EXERCISE OBJECTIVE: Output the data below only from the line containing "The problem that" up to and including the line containing "[Hot Item] New", exact and with the pictures left out.

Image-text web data
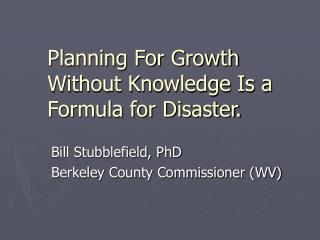 Planning For Growth Without Knowledge Is a Formula for Disaster. 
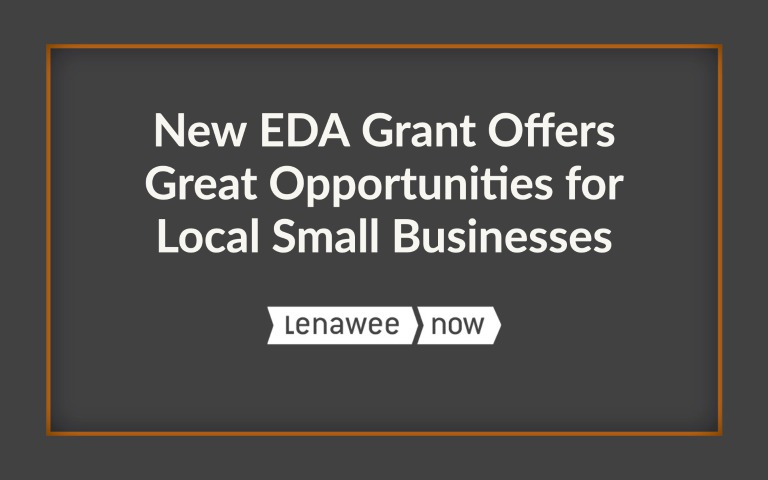 Building Resilience in Lenawee and Hillsdale Counties: New EDA Grant Offers Great Opportunities for Local Small Businesses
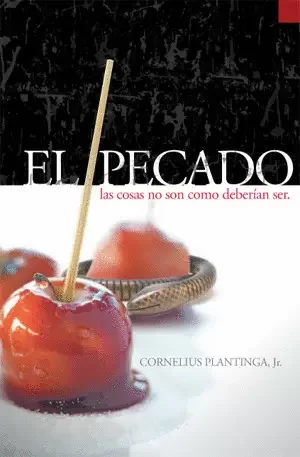 El pecado: las cosas no son como deberían ser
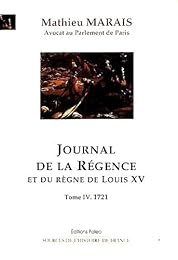 Journal de la régence et du règne de Louis XV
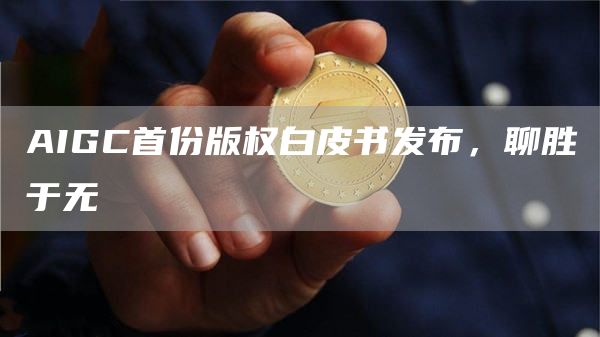 AIGC首份版权白皮书发布，聊胜于无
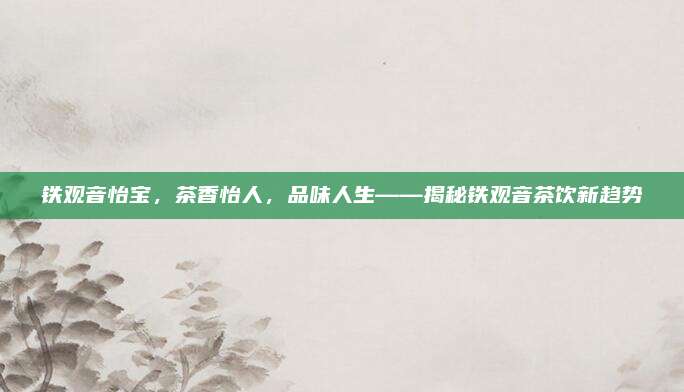 铁观音怡宝，茶香怡人，品味人生——揭秘铁观音茶饮新趋势
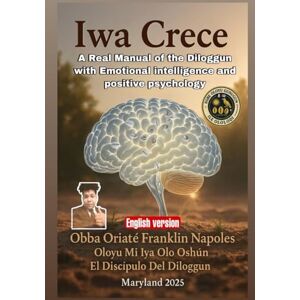 Napoles Solano, Franklin Iwa Grows: The Real Use of Diloggun with Emotional Intelligence and Positive Psychology Napoles Solano, Franklin Iwa Grows: The Real Use of Diloggun with Emotional Intelligence and Positive Psychology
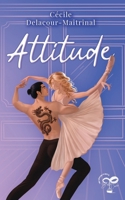 Attitude (La Compagnie) (French Edition) 295925242X Book Cover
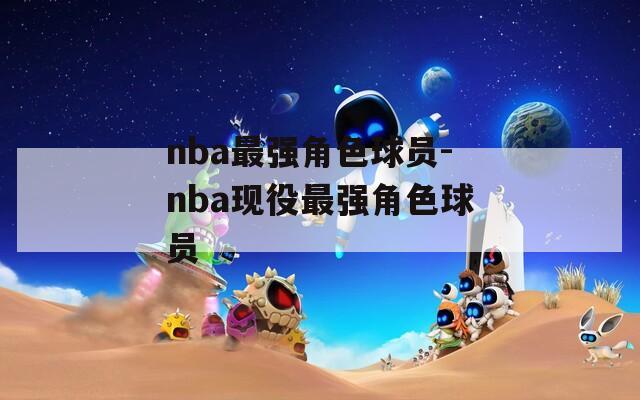 nba最强角色球员-nba现役最强角色球员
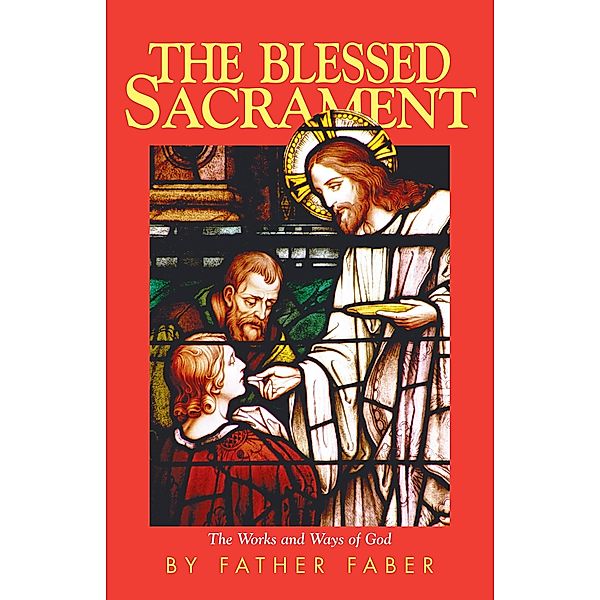 Blessed Sacrament, Frederick Faber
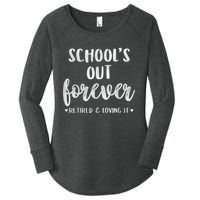 School's Out Forever Retired Teacher Retirement Women's Perfect Tri Tunic Long Sleeve Shirt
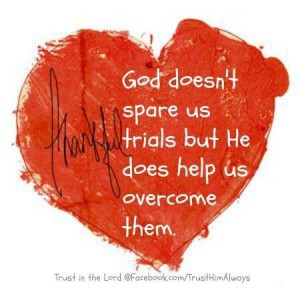 ... - God doesn't spare us trials but He does help us overcome them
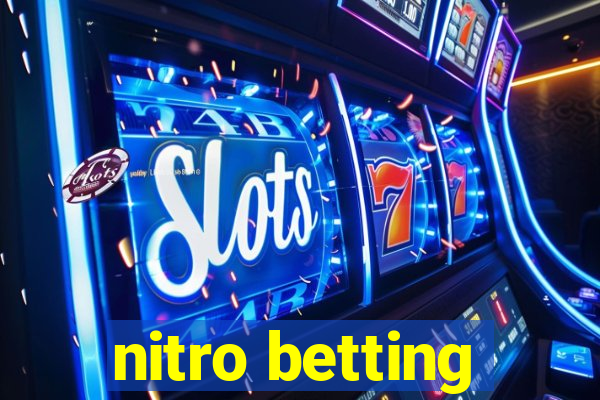 nitro betting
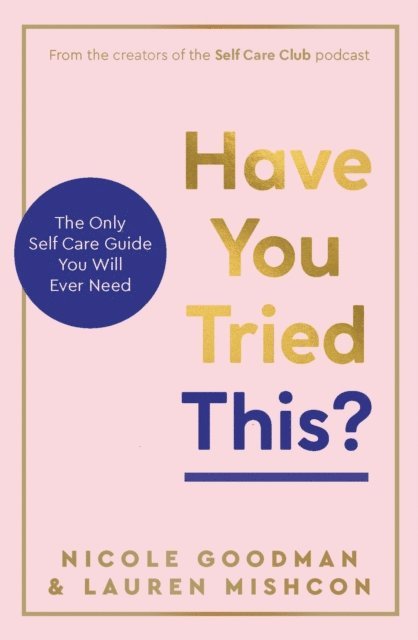 Lauren Mishcon, Nicole Goodman - Have You Tried This?, E-bok
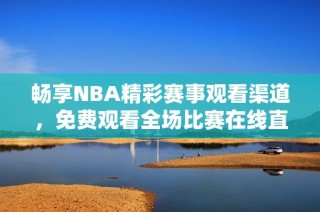 畅享NBA精彩赛事观看渠道，免费观看全场比赛在线直播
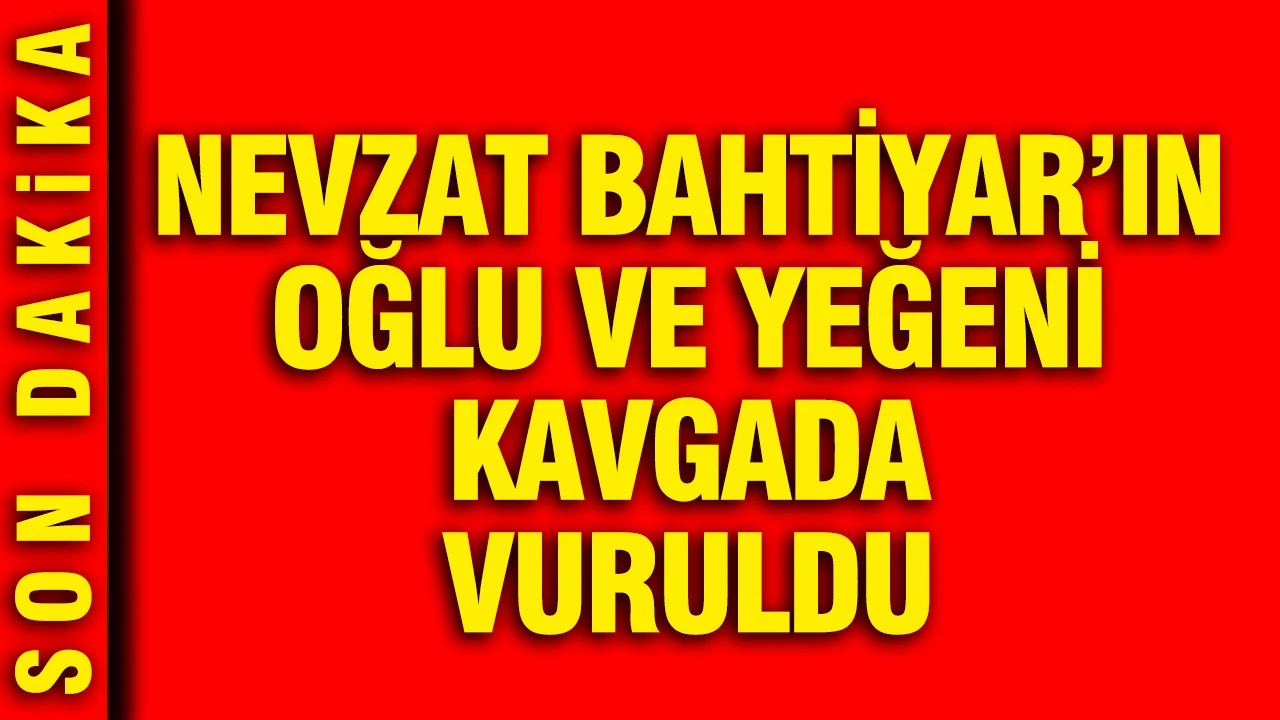 Nevzat Bahtiyar'ın oğlu ve yeğeni kavgada vuruldu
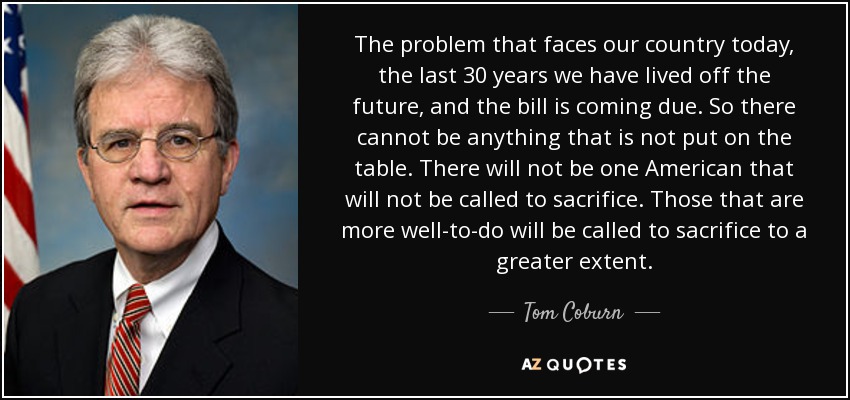 The problem that faces our country today, the last 30 years we have lived off the future, and the bill is coming due. So there cannot be anything that is not put on the table. There will not be one American that will not be called to sacrifice. Those that are more well-to-do will be called to sacrifice to a greater extent. - Tom Coburn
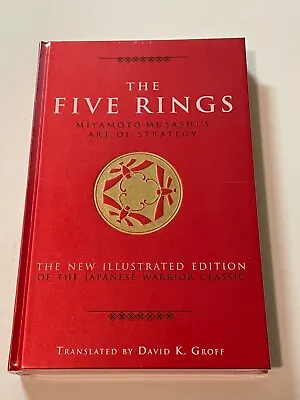 THE FIVE RINGS Miyamoto Musashi Illustrated Hardcover Sealed Chartwell Books • $14.99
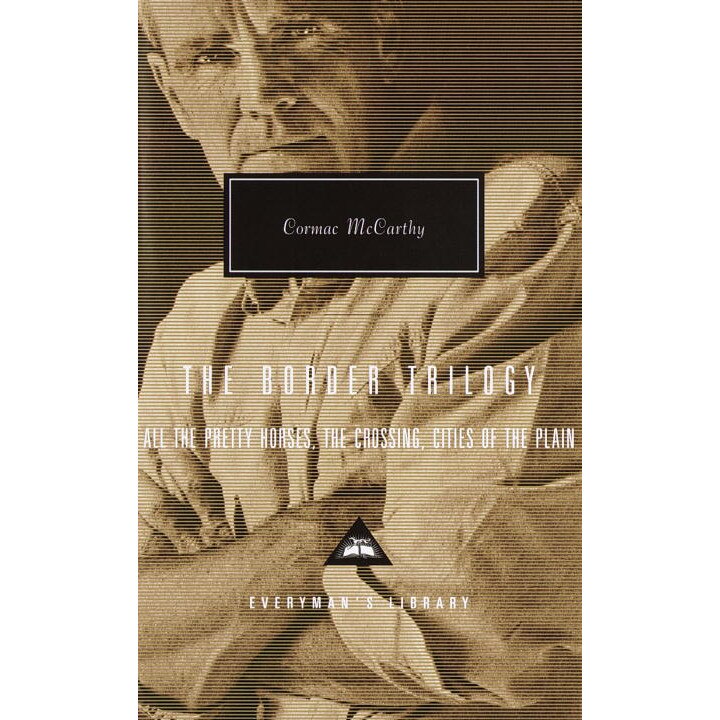 The Border Trilogy de Cormac McCarthy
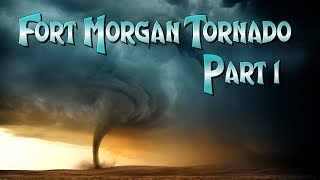 preview picture of video 'Fort Morgan Tornado 1'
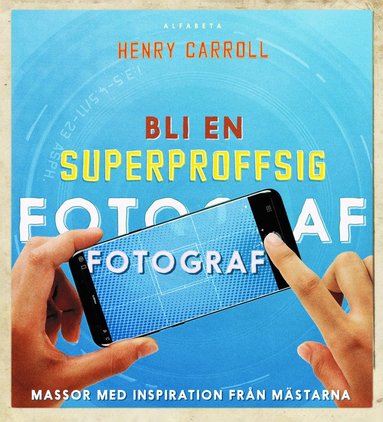 Bli en superproffsig fotograf (inbunden)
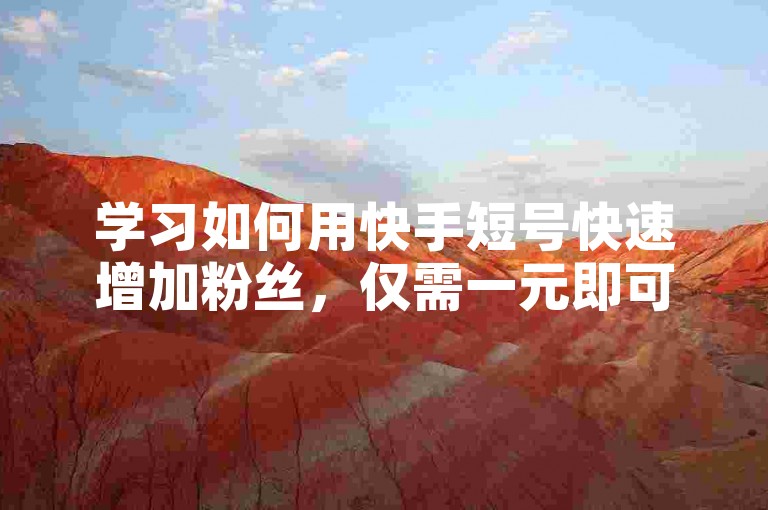 学习如何用快手短号快速增加粉丝,仅需一元即可涨粉100!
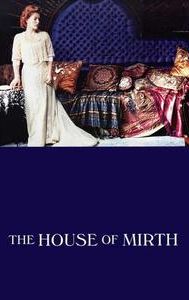 The House of Mirth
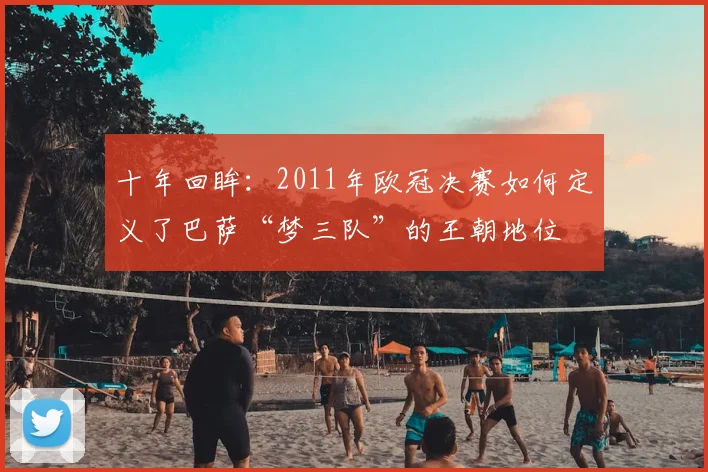 十年回眸：2011年欧冠决赛如何定义了巴萨“梦三队”的王朝地位
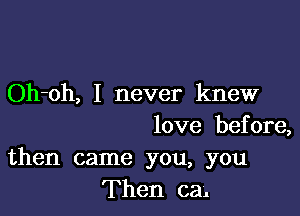 Oh-oh, I never knew

love before,
then came you, you
Then cal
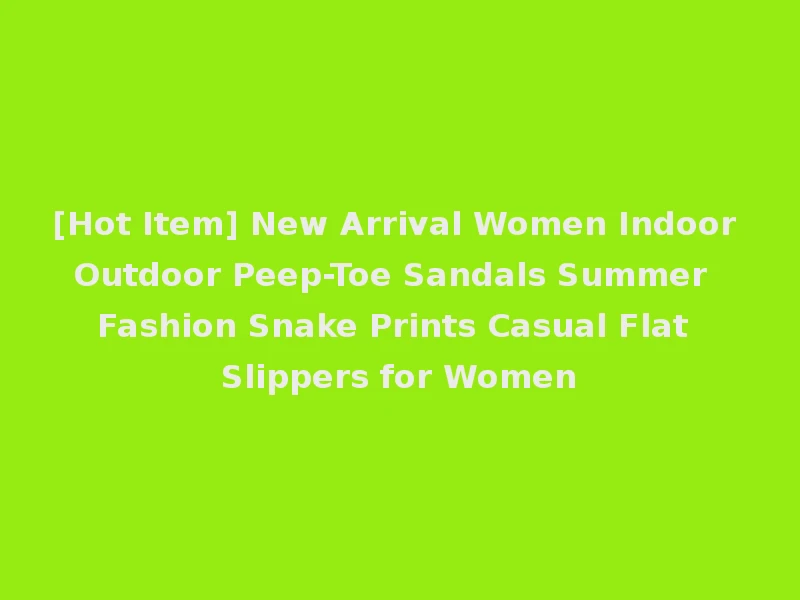 [Hot Item] New Arrival Women Indoor Outdoor Peep-Toe Sandals Summer Fashion Snake Prints Casual Flat Slippers for Women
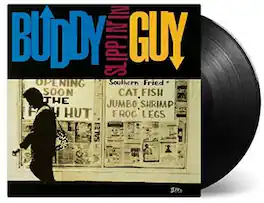 Buddy Guy - Slippin In - VINYL LP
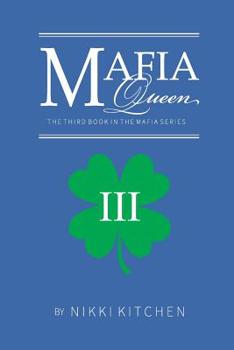 Paperback Mafia Queen: The 3rd Book in the Mafia Series Book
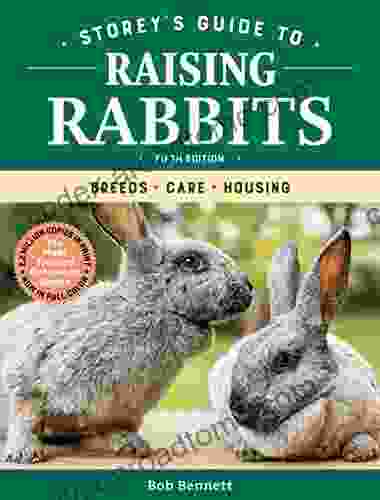 Storey S Guide To Raising Rabbits 5th Edition: Breeds Care Housing (Storey S Guide To Raising)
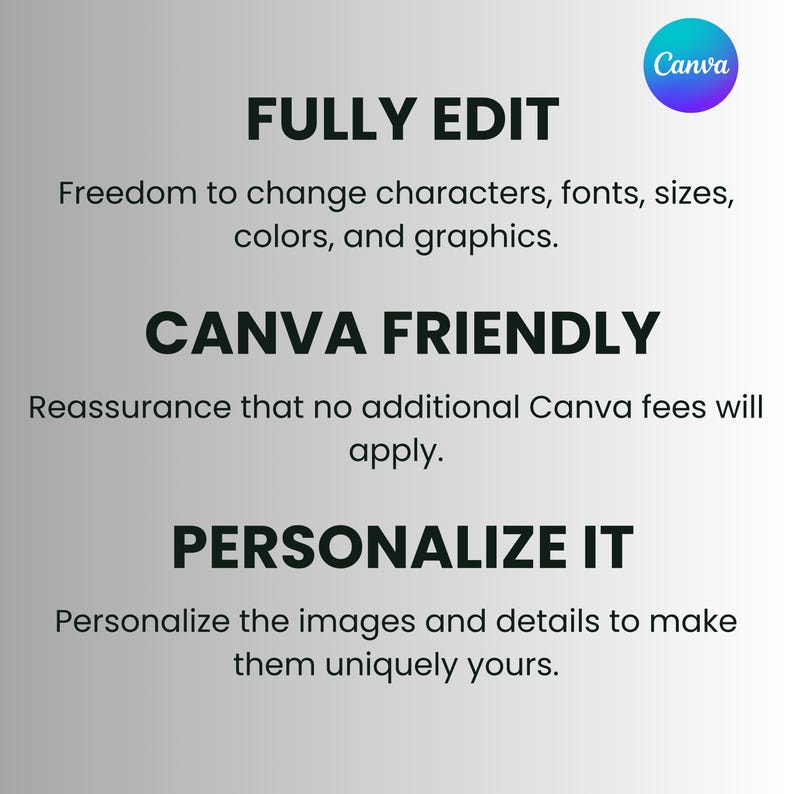 May include: A digital graphic with a white to gray gradient background featuring the Canva logo and text: FULLY EDIT Freedom to change characters, fonts, sizes, colors, and graphics. CANVA FRIENDLY Reassurance that no additional Canva fees will apply. PERSONALIZE IT Personalize the images and details to make them uniquely yours.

EXERCISE ANSWER:
 The problem that faces our country today, the last 30 years we have lived off the future, and the bill is coming due. So there cannot be anything that is not put on the table. There will not be one American that will not be called to sacrifice. Those that are more well-to-do will be called to sacrifice to a greater extent. - Tom Coburn
 THE FIVE RINGS Miyamoto Musashi Illustrated Hardcover Sealed Chartwell Books • $14.99
 The Border Trilogy de Cormac McCarthy
 preview picture of video 'Fort Morgan Tornado 1'
 Bli en superproffsig fotograf (inbunden)
 学习如何用快手短号快速增加粉丝,仅需一元即可涨粉100!
 The House of Mirth
 十年回眸：2011年欧冠决赛如何定义了巴萨“梦三队”的王朝地位
 Oh-oh, I never knew

love before,
then came you, you
Then cal
 [Hot Item] New Arrival Women Indoor Outdoor Peep-Toe Sandals Summer Fashion Snake Prints Casual Flat Slippers for Women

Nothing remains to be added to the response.